Pubmed for Handhelds
PUBMED FOR HANDHELDS
Search MEDLINE/PubMed
Title: A molecular modeling study of the effect of surface chemistry on the adsorption of a fibronectin fragment spanning the 7-10th type III repeats. Author: Wilson K, Stuart SJ, Garcia A, Latour RA. Journal: J Biomed Mater Res A; 2004 Jun 15; 69(4):686-98. PubMed ID: 15162411. Abstract: Although it is well documented that proteins adsorb onto biomaterial surfaces, relatively little is quantitatively understood about the effects of adsorption on protein orientation and conformation.
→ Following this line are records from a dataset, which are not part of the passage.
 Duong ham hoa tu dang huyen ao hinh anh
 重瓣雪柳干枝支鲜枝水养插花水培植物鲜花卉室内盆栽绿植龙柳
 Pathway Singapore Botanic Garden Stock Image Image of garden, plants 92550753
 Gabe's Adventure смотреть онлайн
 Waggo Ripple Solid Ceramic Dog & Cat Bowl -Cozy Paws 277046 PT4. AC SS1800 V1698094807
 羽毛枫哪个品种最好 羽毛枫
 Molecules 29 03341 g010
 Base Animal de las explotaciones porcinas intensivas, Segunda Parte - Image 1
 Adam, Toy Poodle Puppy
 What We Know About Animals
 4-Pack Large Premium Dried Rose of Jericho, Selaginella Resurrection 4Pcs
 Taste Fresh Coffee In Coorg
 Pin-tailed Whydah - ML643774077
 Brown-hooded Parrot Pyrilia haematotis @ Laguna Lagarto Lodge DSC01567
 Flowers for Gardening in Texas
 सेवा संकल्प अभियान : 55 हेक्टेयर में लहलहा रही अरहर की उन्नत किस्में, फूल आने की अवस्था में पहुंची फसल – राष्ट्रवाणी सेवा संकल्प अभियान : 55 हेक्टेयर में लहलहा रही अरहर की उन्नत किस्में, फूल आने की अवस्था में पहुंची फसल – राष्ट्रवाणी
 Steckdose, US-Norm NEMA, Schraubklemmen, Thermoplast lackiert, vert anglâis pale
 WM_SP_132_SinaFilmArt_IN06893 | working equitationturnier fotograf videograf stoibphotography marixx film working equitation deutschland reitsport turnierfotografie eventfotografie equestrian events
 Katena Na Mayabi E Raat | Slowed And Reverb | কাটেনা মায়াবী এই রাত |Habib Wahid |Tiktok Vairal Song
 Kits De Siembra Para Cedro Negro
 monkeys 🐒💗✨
Because this is the primary determining factor of protein bioactivity, the ability to accurately predict a protein's orientation and conformation following adsorption will be essential for the rational design of biomaterial surfaces to control biological responses. Force field-based computational chemistry methods provide an excellent means to theoretically address this issue, with the nontrivial requirement that the force field must be tailored to appropriately represent protein adsorption behavior. Accordingly, we have modified an existing force field (CHARMm) based on semiempirical quantum-mechanical peptide adsorption data to enable it to simulate protein adsorption behavior in an implicit aqueous environment. This modified force field was then applied to predict the adsorption behavior of the 7-10 type III repeats of fibronectin on functionalized surfaces. Predicted changes in adsorption energy and adsorption-induced conformation as a function of surface chemistry were found to correlate well with experimentally observed trends for these same systems. This work represents a first attempt towards the development of a molecular mechanics force field that is specifically parameterized to accurately simulate protein adsorption to biomaterial surfaces.[Abstract] [Full Text] [Related] [New Search]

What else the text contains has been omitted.